Friday Fragments #19
If science writing is going to have a future, it has to evolve.

Science writing is in trouble.
It has been for years now. When I started burrowing into the field, around 2011, the field had been searching for relevance as print was shredded by digital. The 90s had seen the science writing bubble pop. Magazines like OMNI vanished while there seemed to be little appetite for the kind of pop sci pontificating that made the careers of Stephen Jay Gould, Carl Sagan, and others. Who do you know still reads Natural History?
Blogging was a shafted light of hope. Even through the rise of what we used to call microblogging - Twitter (RIP), Facebook, Instagram, Snapchat, Tumblr, and more ascendant - blogs opened new channels of scientific communication between researchers, journalists, and the public. It’s what allowed a college dropout like me to develop my skills and create a career talking about old dead creatures with impressive teeth.
But science blogging, too, was too good to last. For many years, I paid my monthly bills by mixing blogging, book writing, and freelancing. I blogged for Smithsonian Magazine, WIRED, National Geographic, and Scientific American, hopping from one to the next as the professional landscape shifted. But even that’s ancient history. Over time, concurrent with the riptide pull of video, blog traffic dipped. What magazines saw as a bargain - expert writers turning out articles and commentary on what’s new in science for cheap, compared to freelance rates - was no longer bringing them the return they hoped for. Magazine-supported science blogs effectively went extinct, science writing shifting back to a more professionalized model where journalistic articles, longform essays, and books became its central expressions.

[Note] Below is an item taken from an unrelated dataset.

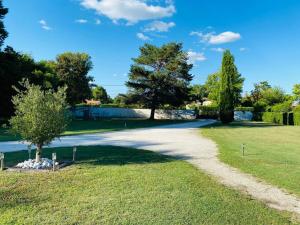a gravel road in a park with a tree at Gîte E & M in Saint-Denis-de-Pile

The landscape is buckling again. In 2023, Popular Science collapsed and stopped putting out a magazine. The same year, National Geographic laid off its last staff writers. Even publications that still exist and used to have vibrant science coverage, such as the Washington Post and CNN, have largely abandoned reporting science. There is a glut of suddenly out-of-work science writers in a shrinking pool, just as fewer publications are offering less work at stagnant rates. The pressure’s on.
Now Scientific American has been sold off, a “union-busting” move that may have also stemmed with higher up fears about public repercussions from the Trump administration - a bizarre fixation on appeasing fascists already marked by the magazine’s firing of former editor-in-chief Laura Helmuth in 2024 for daring to express emotion on Bluesky.
Science journalism still exists. I’m still writing assignments for multiple magazines, and publications oriented towards scientists and science journalists like Stat, UnDark, Quanta, and others continue to roll along. Hakai, which closed in 2024, morphed into Biographic, now trying to find new life as an independent nonprofit. But I’m not feeling hopeful.
It’s becoming harder and harder to believe that science journalism, and science writing more broadly, is going to have a resurgence. There’s no single reason. Video’s hamstrung reading. Our smartphones and the apps on them are made to be addictive, fragmenting our attention spans to the point that it feels like an ask to get someone to read 500 words on a new discovery. I’ve heard from more than one editor that dinosaurs don’t get the numbers they used to, that the need right now is for big, exclusive, guaranteed-hit stories to drive pageviews and subscriptions. But it’s impossible to predict what’s going to hit. The dire wolf article I reference at the top is an example - I pitched the story, took a lower-than-usual rate at the time to write it because my editor wasn’t sure whether people would be interested, and the story rocketed to the top of Scientific American’s most-read list that week. (I’m often contractually barred from getting any royalties or bonuses when my articles do well for a publication.) Everyone seems desperate for a sure solution and it just doesn’t exist, as the available science publications draw further and further back from speaking to the public and instead are becoming trade publications mostly of interest to people already-invested in science.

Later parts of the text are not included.